These potential losses are the unintended consequence of attempts by Brussels to simplify VAT and curb billions of pounds lost to fraud.

EU VAT Package 2010

The first change is a European-wide shift in the rules on determining which country’s VAT rules apply when providing any back office service, the ‘place of supply’.  From 1 Jan 2010, the place of supply changes from where the service is provided to where it is consumed.  For example, for offshore insurance services provided from India, the VAT territory would now become the UK.  The outcome of this would be the UK insurer having to account for the VAT bill.  Since insurance and other financial services are exempt for VAT in Europe, this would leave the insurer with a big VAT irrecoverable cost of 17.5%, being the UK VAT rate from 2010.  Given the high value of services now provided from India and elsewhere to the insurance market, this VAT would potentially run to several hundred million pounds for the insurers as a cost of off shoring.

The best organised insurers have tried to create VAT Grouping structures in the UK, whereby other related companies can offset this type of irrecoverable VAT liability stuck with the exempt insurer.  However, this is also under threat too from the EU.

Brussels censers UK and others on VAT Grouping rules

The EU in Brussels, which sets the VAT rules for the region, is now targeting some of the abuses of the VAT Groupings rules which would undermine some of the strategies adopted above to help avoid unwanted VAT.  In November 2009, the European Commission gave warning to the UK (Spain, Czech Republic, Ireland and Denmark) to change their rules.

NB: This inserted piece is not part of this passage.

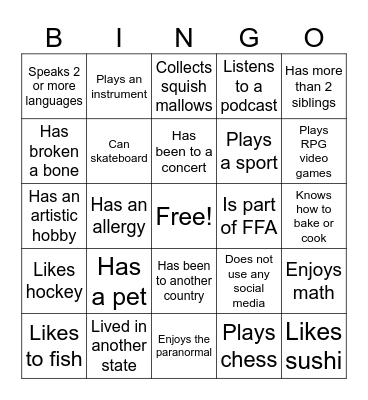 Get to Know your Classmates! Bingo Card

This censurer from the EU in terms of insurance is the bringing into VAT Groups companies which are not fully bound to one another, a principle requirement of the EU VAT Directive, to enable the offsetting of VAT.  This means that many insurers hoping to avoid the VAT losses on their off shoring activities which have arisen from the new EU VAT Package (above) will lose their main avoidance strategy.

Richard Asquith, MD of TMF VAT & IPT Services commented : the 2010 VAT Package has been a long time coming, and many insurers had been changing their offshore VAT arrangements in anticipation of potential cash losses from irrecoverable VAT.  However, this new challenge to the VAT Grouping rules will undermine many of these efforts. It is likely that the UK will have to respond to the Commission by Spring, which gives little time for the insurers to recalibrate their business organisation.